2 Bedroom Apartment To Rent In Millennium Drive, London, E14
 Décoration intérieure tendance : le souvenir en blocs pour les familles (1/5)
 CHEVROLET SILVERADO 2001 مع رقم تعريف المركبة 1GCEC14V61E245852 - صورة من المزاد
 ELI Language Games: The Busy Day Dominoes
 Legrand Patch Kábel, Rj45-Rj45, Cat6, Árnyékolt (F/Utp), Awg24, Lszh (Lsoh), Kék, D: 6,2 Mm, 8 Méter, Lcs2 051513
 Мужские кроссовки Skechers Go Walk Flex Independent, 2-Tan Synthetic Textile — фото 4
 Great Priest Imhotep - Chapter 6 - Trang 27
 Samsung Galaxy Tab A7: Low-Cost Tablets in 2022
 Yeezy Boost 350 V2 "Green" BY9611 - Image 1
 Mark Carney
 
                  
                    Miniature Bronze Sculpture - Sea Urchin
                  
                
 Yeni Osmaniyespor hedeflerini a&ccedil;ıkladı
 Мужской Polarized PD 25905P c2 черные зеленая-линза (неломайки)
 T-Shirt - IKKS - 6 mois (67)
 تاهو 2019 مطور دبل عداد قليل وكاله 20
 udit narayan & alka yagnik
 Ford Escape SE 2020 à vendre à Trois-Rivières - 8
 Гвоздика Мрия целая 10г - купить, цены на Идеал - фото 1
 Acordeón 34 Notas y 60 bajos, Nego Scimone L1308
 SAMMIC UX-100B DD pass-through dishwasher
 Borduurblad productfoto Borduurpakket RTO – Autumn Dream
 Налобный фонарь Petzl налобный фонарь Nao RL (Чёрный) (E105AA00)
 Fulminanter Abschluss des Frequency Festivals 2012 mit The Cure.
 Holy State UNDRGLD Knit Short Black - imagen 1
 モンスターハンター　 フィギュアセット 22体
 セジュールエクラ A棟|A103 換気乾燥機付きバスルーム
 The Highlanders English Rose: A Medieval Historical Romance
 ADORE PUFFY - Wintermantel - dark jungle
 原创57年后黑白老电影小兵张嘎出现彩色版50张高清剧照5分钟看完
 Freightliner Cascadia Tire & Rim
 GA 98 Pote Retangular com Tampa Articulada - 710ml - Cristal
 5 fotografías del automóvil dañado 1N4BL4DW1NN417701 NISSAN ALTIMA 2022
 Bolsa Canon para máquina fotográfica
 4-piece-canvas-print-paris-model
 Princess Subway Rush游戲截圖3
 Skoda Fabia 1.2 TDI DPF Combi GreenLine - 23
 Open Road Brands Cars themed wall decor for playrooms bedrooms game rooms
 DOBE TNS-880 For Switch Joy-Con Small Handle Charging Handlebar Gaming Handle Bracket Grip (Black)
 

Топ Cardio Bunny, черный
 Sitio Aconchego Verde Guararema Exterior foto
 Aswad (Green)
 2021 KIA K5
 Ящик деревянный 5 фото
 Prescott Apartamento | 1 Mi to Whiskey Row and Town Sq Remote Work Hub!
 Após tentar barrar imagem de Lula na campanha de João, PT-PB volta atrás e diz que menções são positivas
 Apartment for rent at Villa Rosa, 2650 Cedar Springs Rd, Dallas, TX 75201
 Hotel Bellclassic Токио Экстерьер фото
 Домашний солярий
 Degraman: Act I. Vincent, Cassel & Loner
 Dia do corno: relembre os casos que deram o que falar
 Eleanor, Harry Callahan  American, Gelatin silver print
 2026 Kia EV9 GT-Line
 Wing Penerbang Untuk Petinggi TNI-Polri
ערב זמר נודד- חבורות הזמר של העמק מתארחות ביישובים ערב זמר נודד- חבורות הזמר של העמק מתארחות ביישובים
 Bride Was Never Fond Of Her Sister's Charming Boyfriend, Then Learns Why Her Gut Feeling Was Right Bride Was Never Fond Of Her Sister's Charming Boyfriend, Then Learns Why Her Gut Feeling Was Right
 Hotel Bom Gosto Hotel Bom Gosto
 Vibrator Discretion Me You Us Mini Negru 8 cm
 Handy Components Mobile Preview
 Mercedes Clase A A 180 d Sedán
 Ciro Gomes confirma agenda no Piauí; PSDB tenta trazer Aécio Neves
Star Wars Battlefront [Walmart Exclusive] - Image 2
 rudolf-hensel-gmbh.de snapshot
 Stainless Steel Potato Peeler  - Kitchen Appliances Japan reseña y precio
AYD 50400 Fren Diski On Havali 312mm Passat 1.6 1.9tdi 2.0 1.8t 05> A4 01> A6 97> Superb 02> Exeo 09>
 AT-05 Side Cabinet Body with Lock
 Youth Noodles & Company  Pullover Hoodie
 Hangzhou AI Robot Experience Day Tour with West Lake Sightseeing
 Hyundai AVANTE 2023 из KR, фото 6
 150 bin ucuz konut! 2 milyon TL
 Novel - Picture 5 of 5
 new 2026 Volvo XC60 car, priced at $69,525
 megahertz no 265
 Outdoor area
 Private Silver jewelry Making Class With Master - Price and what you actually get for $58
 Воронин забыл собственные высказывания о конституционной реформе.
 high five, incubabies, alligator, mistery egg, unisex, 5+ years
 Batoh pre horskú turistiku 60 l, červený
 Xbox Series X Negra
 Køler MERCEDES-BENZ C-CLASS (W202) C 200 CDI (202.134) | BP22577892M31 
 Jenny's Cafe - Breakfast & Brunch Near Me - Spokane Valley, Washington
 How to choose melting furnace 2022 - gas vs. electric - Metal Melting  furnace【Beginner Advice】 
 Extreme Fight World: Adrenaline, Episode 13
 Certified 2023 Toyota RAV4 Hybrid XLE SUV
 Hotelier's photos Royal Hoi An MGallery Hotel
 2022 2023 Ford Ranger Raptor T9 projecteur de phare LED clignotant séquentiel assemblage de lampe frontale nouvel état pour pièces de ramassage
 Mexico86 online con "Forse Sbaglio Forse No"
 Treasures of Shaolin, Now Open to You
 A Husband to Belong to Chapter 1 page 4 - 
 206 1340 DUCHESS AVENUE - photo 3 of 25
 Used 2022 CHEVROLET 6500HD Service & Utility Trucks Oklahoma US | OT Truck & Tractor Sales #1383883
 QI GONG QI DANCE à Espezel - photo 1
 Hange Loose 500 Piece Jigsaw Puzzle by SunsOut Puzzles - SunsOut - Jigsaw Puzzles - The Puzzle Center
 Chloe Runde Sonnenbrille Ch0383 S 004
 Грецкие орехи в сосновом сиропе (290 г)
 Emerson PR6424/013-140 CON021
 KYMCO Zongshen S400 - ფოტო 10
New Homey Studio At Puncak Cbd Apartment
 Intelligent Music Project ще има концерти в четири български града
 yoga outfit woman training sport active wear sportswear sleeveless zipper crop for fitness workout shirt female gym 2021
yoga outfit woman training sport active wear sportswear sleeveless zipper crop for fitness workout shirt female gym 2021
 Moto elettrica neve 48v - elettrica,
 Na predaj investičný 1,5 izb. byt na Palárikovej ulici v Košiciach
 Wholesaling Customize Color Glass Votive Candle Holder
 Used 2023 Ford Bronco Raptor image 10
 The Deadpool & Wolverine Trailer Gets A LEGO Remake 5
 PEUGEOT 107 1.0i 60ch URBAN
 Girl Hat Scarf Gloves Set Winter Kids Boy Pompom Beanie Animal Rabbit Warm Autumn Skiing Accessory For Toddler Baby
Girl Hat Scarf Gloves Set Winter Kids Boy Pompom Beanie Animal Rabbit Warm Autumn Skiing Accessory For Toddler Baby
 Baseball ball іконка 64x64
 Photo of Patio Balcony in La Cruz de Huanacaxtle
:::::
• TO DO:
Please go through the data above and copy each line containing the word "active".

• RESPONSE BELOW:
 yoga outfit woman training sport active wear sportswear sleeveless zipper crop for fitness workout shirt female gym 2021
yoga outfit woman training sport active wear sportswear sleeveless zipper crop for fitness workout shirt female gym 2021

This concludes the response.